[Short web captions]
______

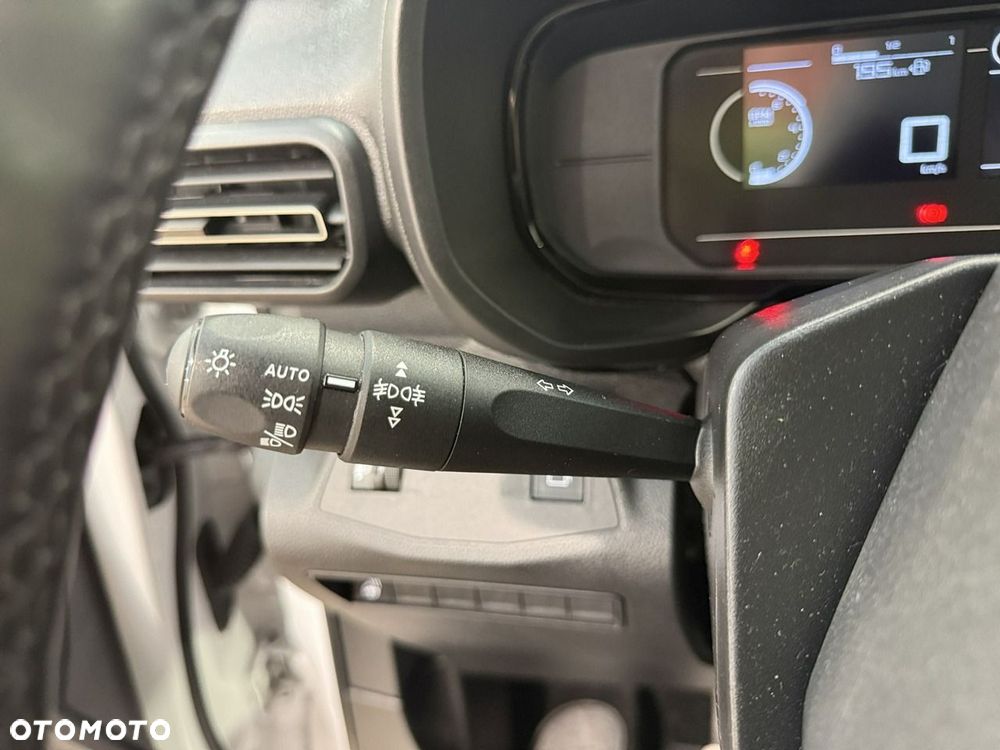 Toyota Proace City - 26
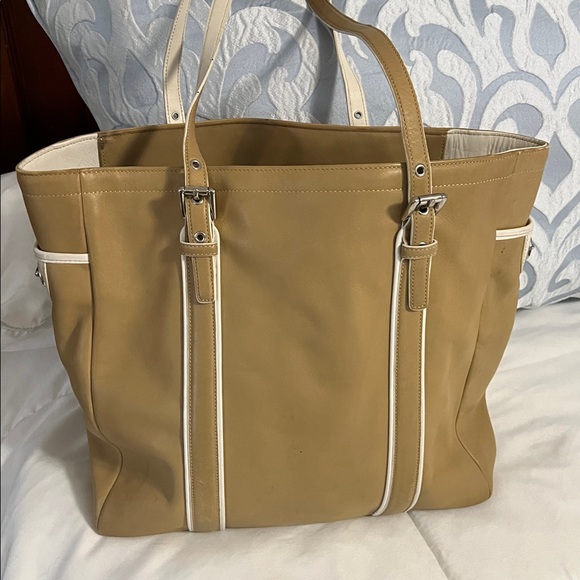 Coach Y2K Hampton Tote very good used condition!  Beautiful Leather! - Picture 5 of 15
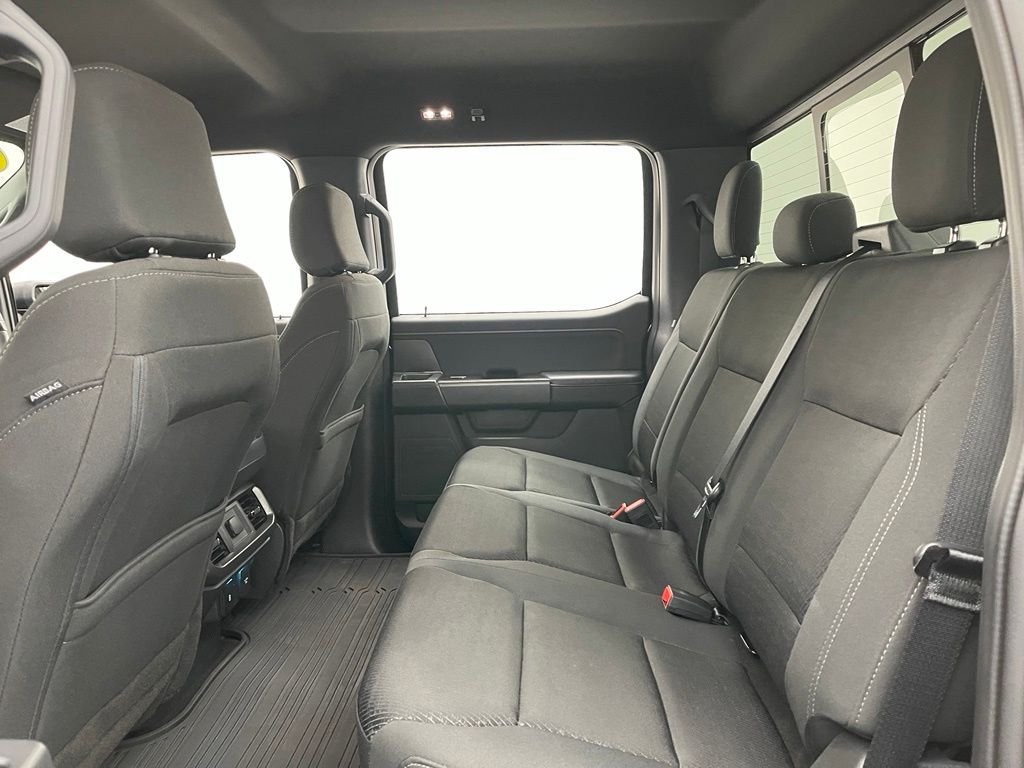 Used 2024 Black Metallic Ford XLT image 37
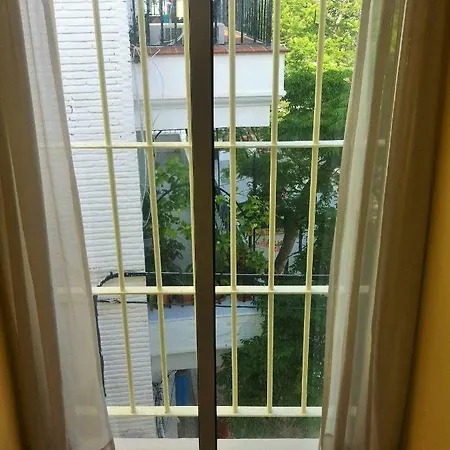 Apartamento Balcón De Europa 2a *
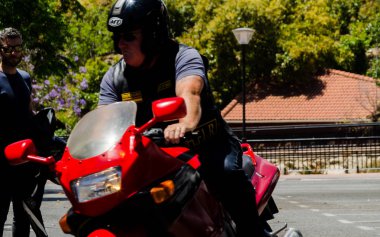 Nerja, İspanya - 10 Haziran 2018 insanlar ve motosiklet motosiklet ralli bir sahil İspanyol kasabasında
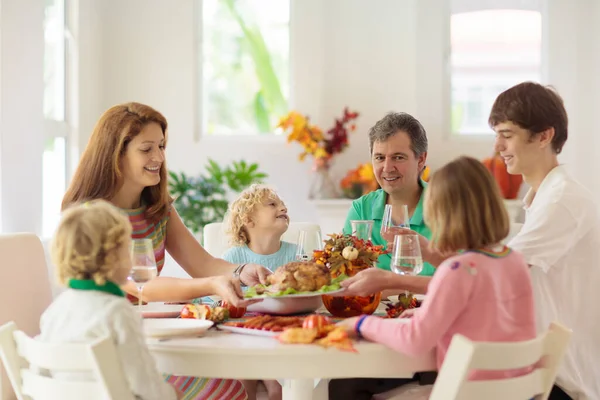Famille Avec Enfants Mangeant Dîner Thanksgiving Dinde Rôtie Tarte Citrouille — Photo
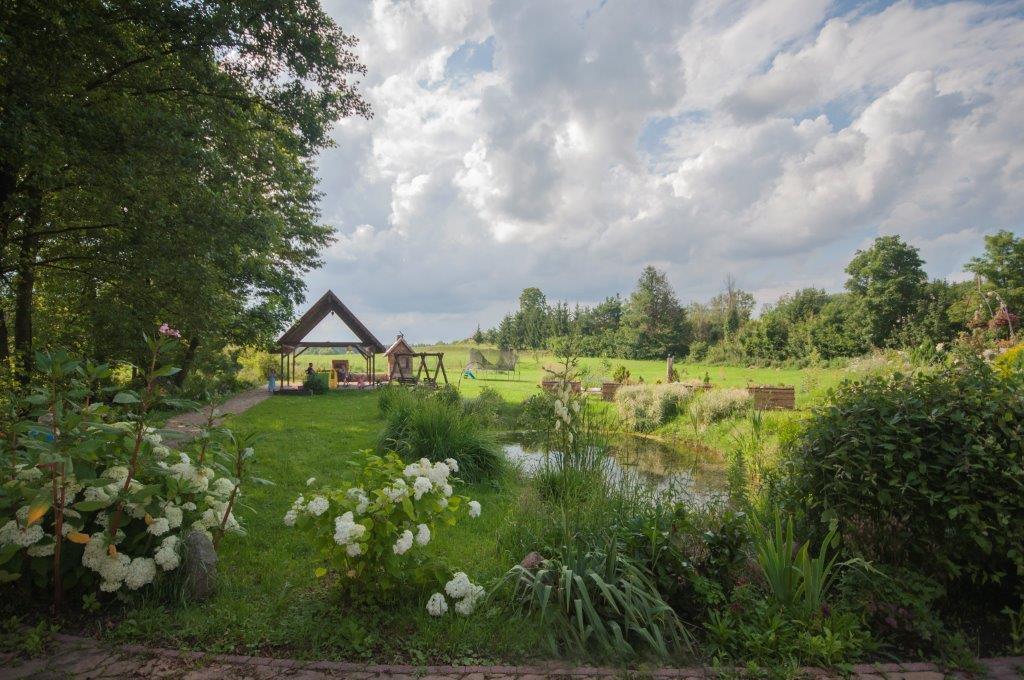 Pensjonat Agroturystyczny Pod Modrzewiem Bed & Breakfast Florczaki Екстериор снимка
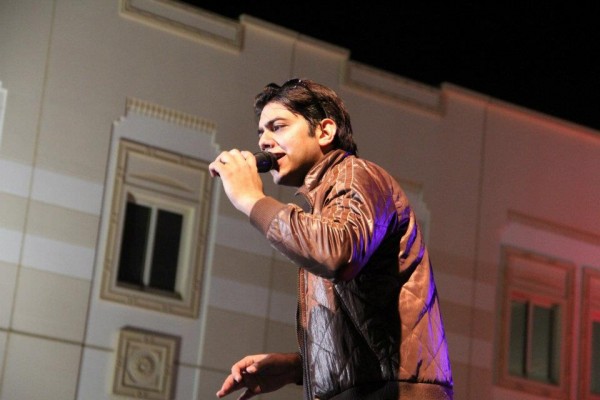 Goher Mumtaz on vocals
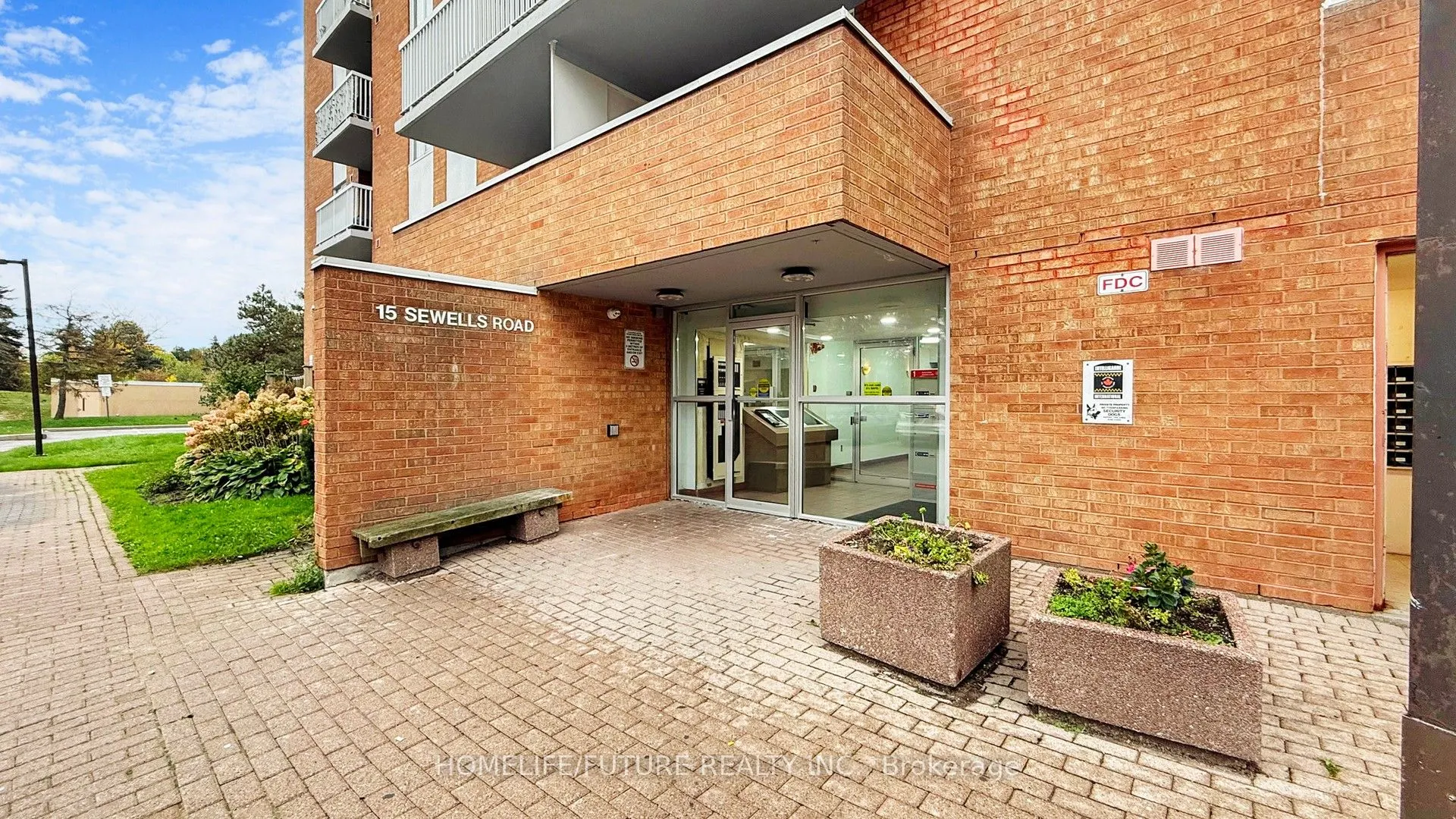 15 Sewells Road, #204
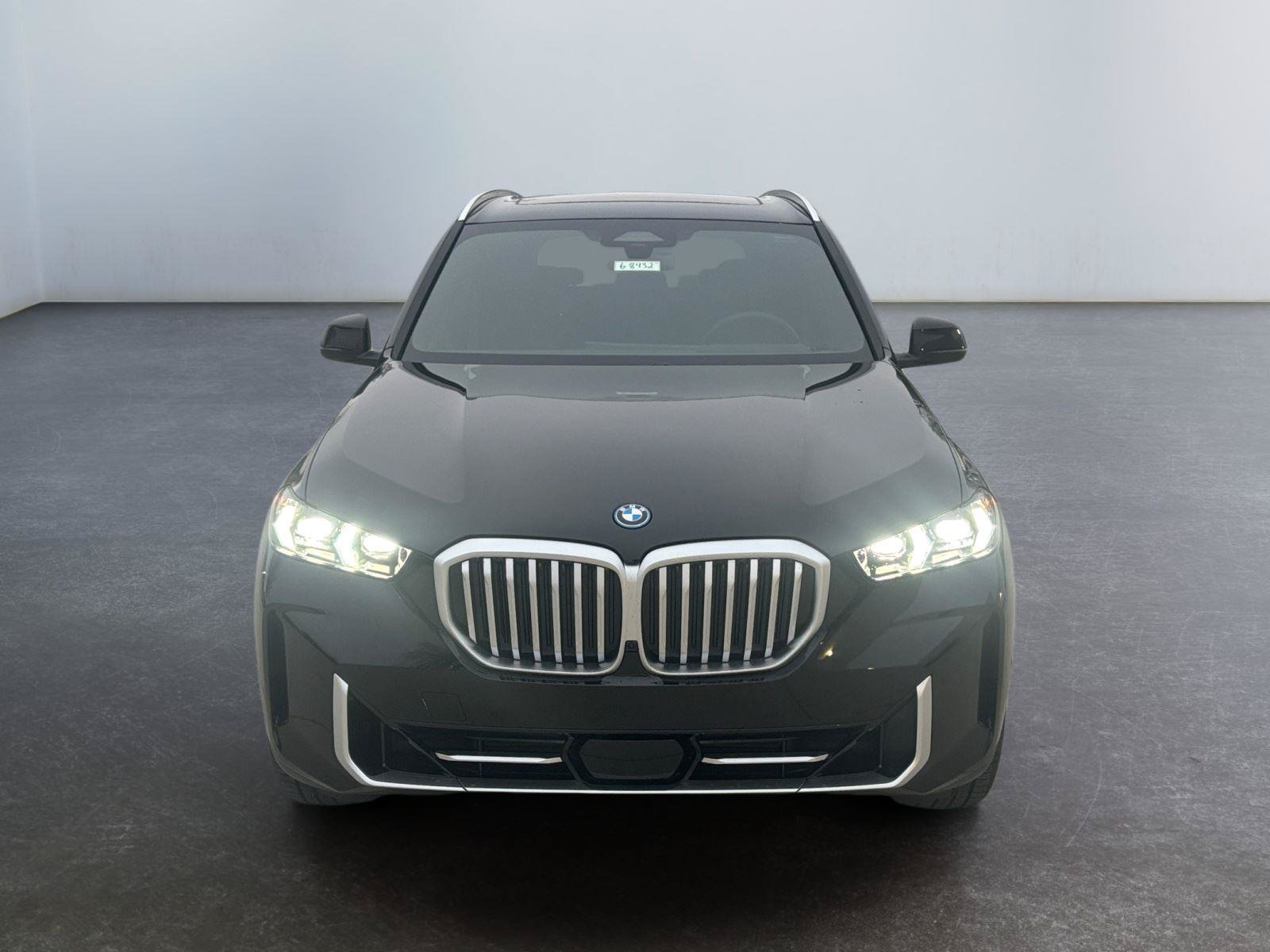 New 2026 BMW X5 xDrive50e w/ Climate Comfort Package AWD/4WD image 8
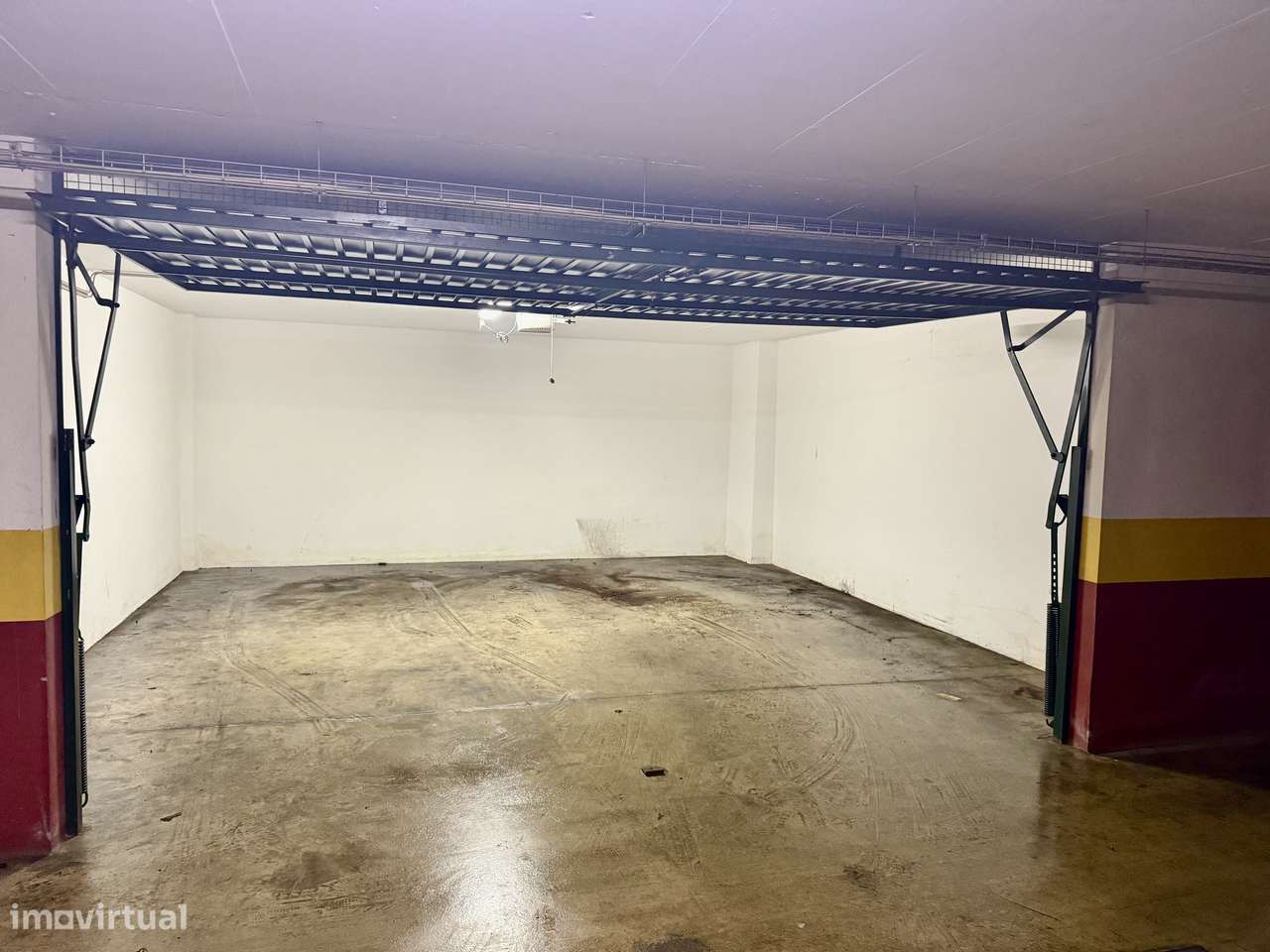 Apartamento T2 com varanda e garagem - vista praia, São Martinho Porto-14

______

Work to complete: Before answering, please find the line containing "Pensjonat Agroturystyczny Pod" above, then copy exactly from it through the last line of the entries, both included, without pictures.

Answer to the exercise:
 Pensjonat Agroturystyczny Pod Modrzewiem Bed & Breakfast Florczaki Екстериор снимка
 Goher Mumtaz on vocals
 15 Sewells Road, #204
 New 2026 BMW X5 xDrive50e w/ Climate Comfort Package AWD/4WD image 8
 Apartamento T2 com varanda e garagem - vista praia, São Martinho Porto-14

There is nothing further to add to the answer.